# Baseline - Using Keyword Search

Download dataset from HuggingFace

In [1]:
from datasets import load_dataset

dataset = load_dataset("Jaymax/FDA_Pharmaceuticals_FAQ", split="train")

  from .autonotebook import tqdm as notebook_tqdm


In [2]:
dataset

Dataset({
    features: ['Question', 'Answer'],
    num_rows: 1433
})

## ElasticSearch Database

First, we initialize the ElasticSearch database

In [3]:
from elasticsearch import Elasticsearch

es_client = Elasticsearch("http://localhost:9200")

In [4]:
settings = {"number_of_shards": 1, "number_of_replicas": 0}

mappings = {
    "dynamic": "true",
    "numeric_detection": "true",
    "_source": {"enabled": "true"},
    "properties": {
        "answer": {"type": "text"},
        "question": {
            "type": "text",
        },
    },
}

index_name = "pharma"
if es_client.indices.exists(index=index_name):
    es_client.indices.delete(index=index_name)
es_client.indices.create(index=index_name, settings=settings, mappings=mappings)

ObjectApiResponse({'acknowledged': True, 'shards_acknowledged': True, 'index': 'pharma'})

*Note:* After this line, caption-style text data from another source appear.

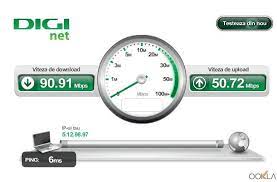 Testul de viteză pe internet online, vă ajută să vă măsurați viteza de internet a conexiunii în bandă largă și serviciile de date mobile. Test VitezÄƒ Internet AflÄƒ Ce VitezÄƒ Ai La Net Giz Ro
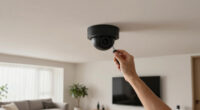 15 Best Smart Home Security Cameras in 2026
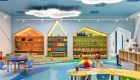 share-architects.com-interiors-anda-manu-06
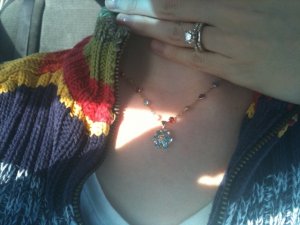 IMG_1244.jpg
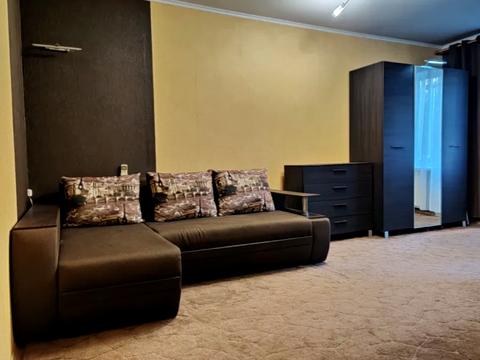 квартира за адресою Берестейський просп. (Перемоги), 9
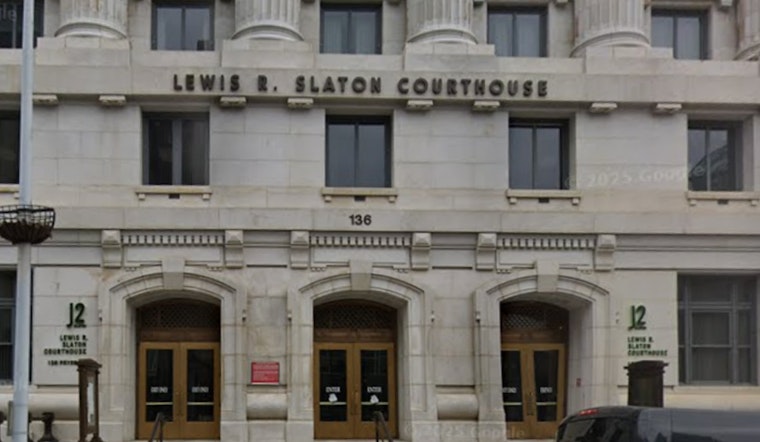 Atlanta Trial Update: Detective Grilled as Julian Conley Faces Charges in Secoriea Turner Shooting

Then, we ingest the dataset to the ElasticSearch Database

In [5]:
from tqdm.auto import tqdm

for doc in tqdm(dataset):
    es_client.index(index=index_name, document=doc)

100%|██████████| 1433/1433 [00:32<00:00, 43.60it/s]


## Perform Search

In our `utils.py` file, we have created helper functions that
- perform search over the elasticsearch database
- build a prompt for our LLM that takes in the relevant documents from the search results
- invoke the LLM to generate the result

In [6]:
from utils import wrap, rag

query = "What is the goal for IVD studies?"
answer = rag(query, es_client, index_name)
print(wrap(answer))

The goals for IVD studies are the same as the goals for other device
studies. The goals are to:

* Produce valid scientific evidence demonstrating reasonable assurance
of the safety and effectiveness of the product.
* Protect the rights and welfare of study subjects.


In [7]:
dataset_test = load_dataset("Jaymax/FDA_Pharmaceuticals_FAQ", split="test")

In [8]:
dataset_test[0]

{'Question': 'As described in Assessing User Fees Under the Generic Drug User Fee Amendments of 2022 , Do DMF holders need to wait for a new ANDA applicant to request a letter of authorization before the DMF is assessed to be available for reference?',
 'Answer': 'No. DMF holders can pay the fee before a letter of authorization is requested. The DMF will then undergo an initial completeness assessment, using factors articulated in the final guidance _Completeness Assessments for Type II Active Pharmaceutical Ingredient Drug Master Files Under the Generic Drug User Fee Amendments_. If the DMF passes the initial completeness assessment, FDA will identify the DMF on the Type II Drug Master Files - Available for Reference List.'}

In [9]:
query = dataset_test[0]['Question']
answer = rag(query, es_client, index_name)
print('Generated Answer')
print('-'*8)
print(wrap(answer))
print('*'*8)

print('Ground Truth')
print('-'*8)
print(wrap(dataset_test[0]['Answer']))


Generated Answer
--------
No, the context does not explicitly state that DMF holders need to
wait for a new ANDA applicant to request a letter of authorization
before the DMF is assessed to be available for reference. However, it
does state that the DMF fee is incurred the first time a generic drug
submission references that DMF by an initial letter of authorization
on or after October 1, 2012.
********
Ground Truth
--------
No. DMF holders can pay the fee before a letter of authorization is
requested. The DMF will then undergo an initial completeness
assessment, using factors articulated in the final guidance
_Completeness Assessments for Type II Active Pharmaceutical Ingredient
Drug Master Files Under the Generic Drug User Fee Amendments_. If the
DMF passes the initial completeness assessment, FDA will identify the
DMF on the Type II Drug Master Files - Available for Reference List.